--- Provided material ---

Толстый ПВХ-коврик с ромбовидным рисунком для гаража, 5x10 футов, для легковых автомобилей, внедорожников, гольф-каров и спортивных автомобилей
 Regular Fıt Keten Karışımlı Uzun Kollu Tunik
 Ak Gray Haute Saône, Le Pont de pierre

---

* The problem: Copy exactly the lines from the one with "Regular Fıt Keten Karışımlı Uzun Kollu Tunik" through the last line of the material, keeping both ends.

* Solution for this exercise:
 Regular Fıt Keten Karışımlı Uzun Kollu Tunik
 Ak Gray Haute Saône, Le Pont de pierre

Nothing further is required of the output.